Sigh. I stopped raising my hand after 3 questions and just pretended I hadn’t cooked, or eaten, or was excited about X, Y, and Z. Because guess what? I am excited and I love to cook and I love to eat and it’s obvious.
This is Professional Cooking 101, so we are starting as basic as you can get: stock, chopping, sauces, scrambled eggs, etc, so I should know a thing or two about a thing or two…right?
Wrong– Do I know why I dice my veg when chopping? No. Do I even dice my veg? No. Do I heat up my saute pan before putting the oil in? No. And that is just the tip of the giant KitchenAid Mixer.
Our Chef is focused on thinking well to create well (he also loves hip-hop and England) so he’s coming from a good, “food is love” place, which is important to me since it’s the foundation of who I am as a home cook.
This week we watched these fantastic videos from the MAD (A community of chefs, cooks and farmers with an appetite for knowledge) that I had never heard of before. They are all on-line and free http://www.madfood.co/videos/ . With so many interesting food people and topics I’ve never really thought about (like foraging) on the symposium list, I know I’ll have a lot to watch on my lunch breaks for a while. So check it out.

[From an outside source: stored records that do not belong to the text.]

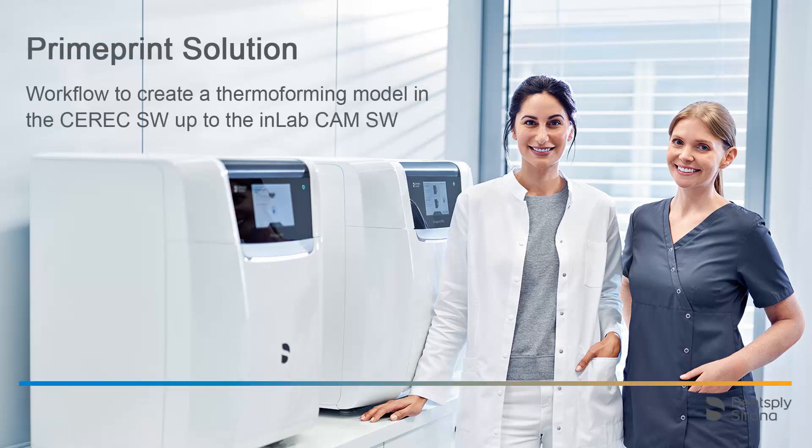Welcome to this video tutorial on the topic of PrimePrint solution. In this video, we will demonstrate the workflow to create a thermoforming model. We will guide you through the CEREC software and the InLab model app up to the InLab CAM software.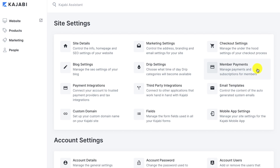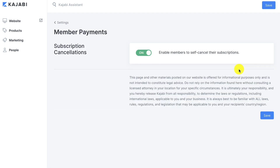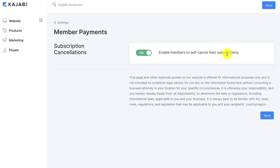In this lesson we're going to cover member payments. This is going to allow you to manage payments and subscriptions for members. Let's click on this — you're going to see that this setting is just a toggle button. When this toggle button is on, it enables members to self-cancel their subscriptions.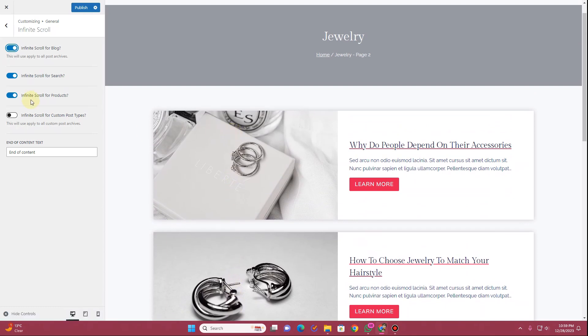You can apply this infinite scroll option to the search results page and for the products as well. And you can also apply this option to your custom post types that you will create using the ACF or Crocoblock plugin or Metabox, or there are many other plugins to create the custom post type.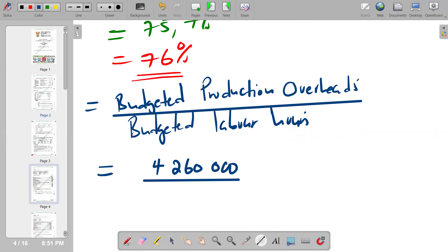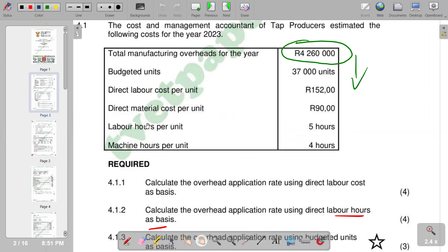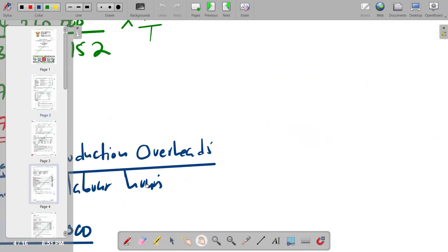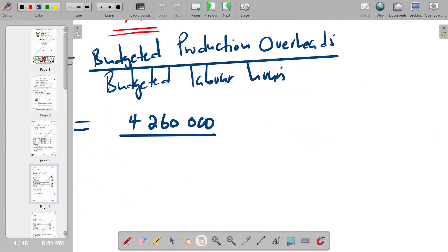The budgeted direct labor hours are given as 5 hours per unit, with 37,000 units. So the denominator is 37,000 times 5. Dividing 4,260,000 by that total gives us an answer of R23 per direct labor hour.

The one by Mangus Nelson, a Swedish Chef, who grows all his own food at in an arctic climate was fascinating if you garden (and he reminded me of “Thor” the Chef if there was a Thor the Chef). Wiley Dufresne (Top Chef guest judge) talked about the how and why cooking and it made me want to eat at his restaurant in New York.
I’ve only been to two cooking classes so far and I am so excited to be in a room with sincere, liked-minded food people, that I can’t go to sleep when I get home.